Not much has changed in south county over the past decade in terms of population, according to data presented to the panel in charge of redrawing County Council district boundaries.
That process is well under way as the county Reapportionment Commission currently is collecting public input on the new boundaries.
Residents can make comments to the commission at the last of three public hearings, which is scheduled for 7 p.m. Monday, July 25, in Room 126 of the J. C. Penney Conference Center, 1 University Blvd., 63121, on the campus of the University of Missouri-St. Louis.
Comments also can be sent to the Reapportionment Commission by email at email@example.com.
A public hearing was scheduled for Monday evening at Lindbergh High School — after the Call went to press.
The 14-member commission convenes every 10 years, per the county Charter, to rework the council map based on the most recent U.S. census.
Commissioners this time must adjust the boundaries so that each district has a population as close as possible to 142,707, or one-seventh of the total county population of 998,952, as reported in the 2010 census.
According to county Department of Planning data:
Population changed the least in the 6th District, which includes mostly unincorporated south county. Here the population rose to 145,620 in 2010 from 145,178 in 2000 — a 0.3-percent increase. The current population exceeds the district target by 2,913.
The largest change in population is in the 1st District, which includes Ferguson and Jennings. There the population decreased by 7.7 percent, from 145,045 in 2000 to 133,830 in 2010. The current population falls short of the district target by 8,877, the largest variance from that number out of all the districts.
The 7th District produced the second-largest variance — but in the opposite direction. The district, which includes Wildwood and Ballwin, had a 2010 population of 150,730 — a 3.8-percent increase from the 2000 population of 145,149. The current population is 8,023 greater than the district target.
The smallest variance is in the 5th District, which includes Clayton and Webster Groves. The population fell to 142,317 in 2010 from 145,092 in 2000 — a nearly 2-percent decrease. The new number is 390 less than the district target.
In the 2nd District, which includes Bridgeton and St. Ann, the population decreased to 139,060 in 2010 from 145,239 in 2000 — a 4.3-percent decline. The current population falls short of the district target by 3,647.
The 3rd District, which includes Creve Coeur and Des Peres, experienced a 1.4-percent increase in population, from 145,236 in 2000 to 147,228 in 2010. The new population exceeds the district target by 4,521.
In the 4th District, which includes Florissant and Black Jack, the population decreased to 140,167 in 2010 from 145,376 in 2000 — a 3.6-percent decline.

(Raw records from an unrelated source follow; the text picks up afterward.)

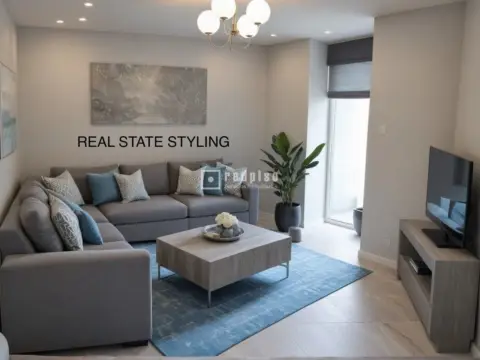 Casa en calle Barrio Alto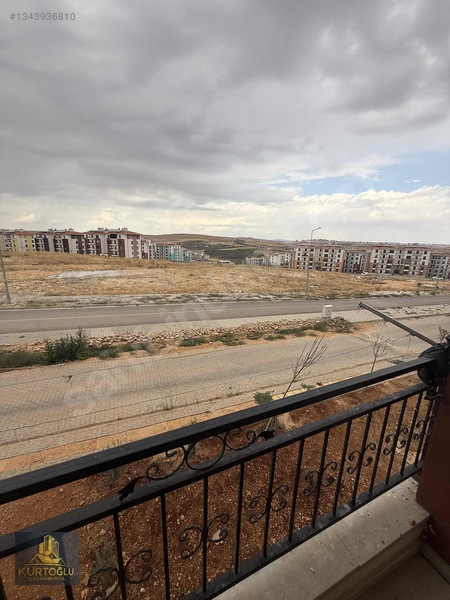 Güneyşehir 5.Etapda Kiralik 2+1 Ara Kat Mukemmel Cepheli Daire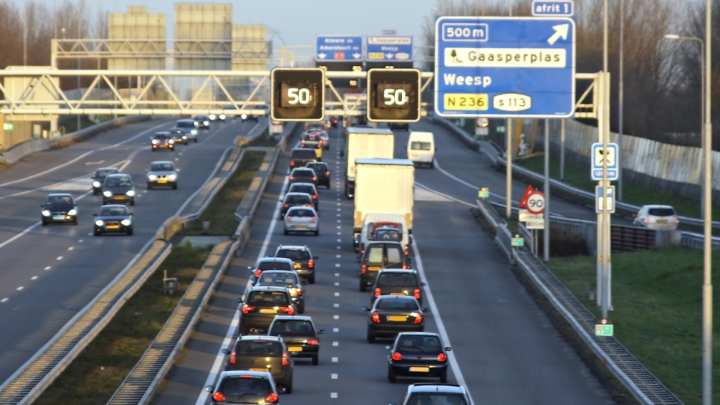 Auto of OV? Niet iedereen kan vrij kiezen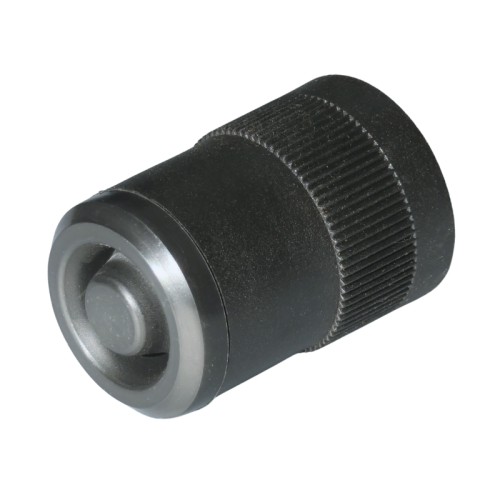 Atos DKE/SDKL Spring Centre Manual Override for AC Voltages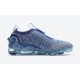 Damen/Herren Air VaporMax 2020 Flyknit Blau CT1823-400 Schuhe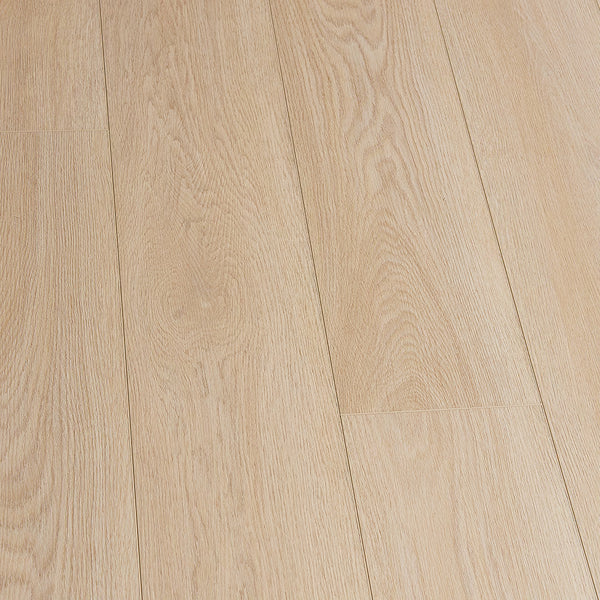 Malibu Wide Plank French Oak Terzo 20 MIL x 9.13 in. W. Rigid Core Waterproof Vinyl Flooring (30.45 Sq.Ft./Case)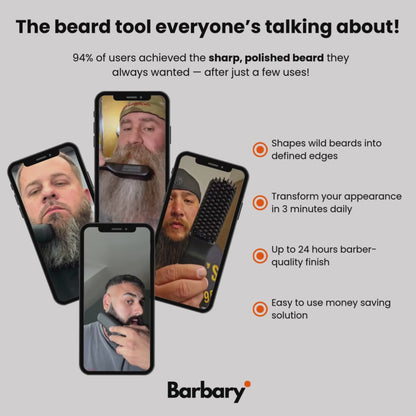 Barbary™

The current population is 2,540 less than the district target.
The total county population decreased to 998,952 in 2010 from 1,026,300 in 2000 — a 1.7-percent drop.

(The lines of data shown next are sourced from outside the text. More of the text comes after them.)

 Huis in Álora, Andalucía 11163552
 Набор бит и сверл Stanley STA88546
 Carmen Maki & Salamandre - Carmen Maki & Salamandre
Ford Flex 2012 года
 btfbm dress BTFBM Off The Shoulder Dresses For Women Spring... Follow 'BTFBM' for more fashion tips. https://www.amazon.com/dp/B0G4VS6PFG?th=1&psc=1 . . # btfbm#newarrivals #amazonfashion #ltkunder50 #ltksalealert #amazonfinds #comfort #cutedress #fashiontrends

Total municipal population decreased by 2.2 percent, from 694,860 in 2000 to 679,262 in 2010.
Unincorporated areas saw a 0.5-percent decrease in population, from 321,440 in 2000 to 319,692 in 2010.
County Executive Charlie Dooley in May appointed one Democrat and one Republican from each of the seven council districts to serve on the Reapportionment Commission from lists provided by each party’s central committee, as required by the Charter. Commission members are:
1st District: Former state Rep. Donald Calloway of Bel-Nor, Democrat, and Sarah Davoli, University Township committeewoman, Republican.

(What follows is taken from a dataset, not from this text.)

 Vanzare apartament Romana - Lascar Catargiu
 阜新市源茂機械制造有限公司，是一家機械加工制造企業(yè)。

2nd District: Rhoda Gwaltney, Democrat, and Becky Buwalda, Airport Township committeewoman, Republican.
3rd District: Former state Rep. Sam Page of Creve Coeur, Democrat, and Jeff Yorg, Republican.
4th District: James McHugh, Democrat, and Bryan Koen, Florissant Township committeeman, Republican.
5th District: Art Martin, Democrat, and David Stokes, Republican.
6th District: Former County Councilman Jeff Wagener, Democrat, and former state Rep. Jack Goldman, Republican.
7th District: Francis “Butch” Miller, Democrat, and former state Rep. Allen Icet of Wildwood, Republican.
Calloway and Icet are the commission’s co-chairs.
After this month’s public hearings, the commission will begin deliberating over new boundaries in August and September and may come up with several alternative maps, according to Icet. Those options will go out to the public in October for final comment, he said.
“And then I believe Nov. 1 is the deadline set for the commission that we will have to attempt to agree and put a specific map forward,” Icet said at the commission’s first public hearing last week in Clayton.
The new map must receive nine affirmative votes from the commission to win approval.
Ten years ago, the previous Reapportionment Commission deadlocked along party lines on a new map during a seven-hour meeting that concluded at 1 a.m. on the Dec. 28, 2001, deadline. New council-district boundaries were established by U.S. District Judge Catharine Perry in February 2002.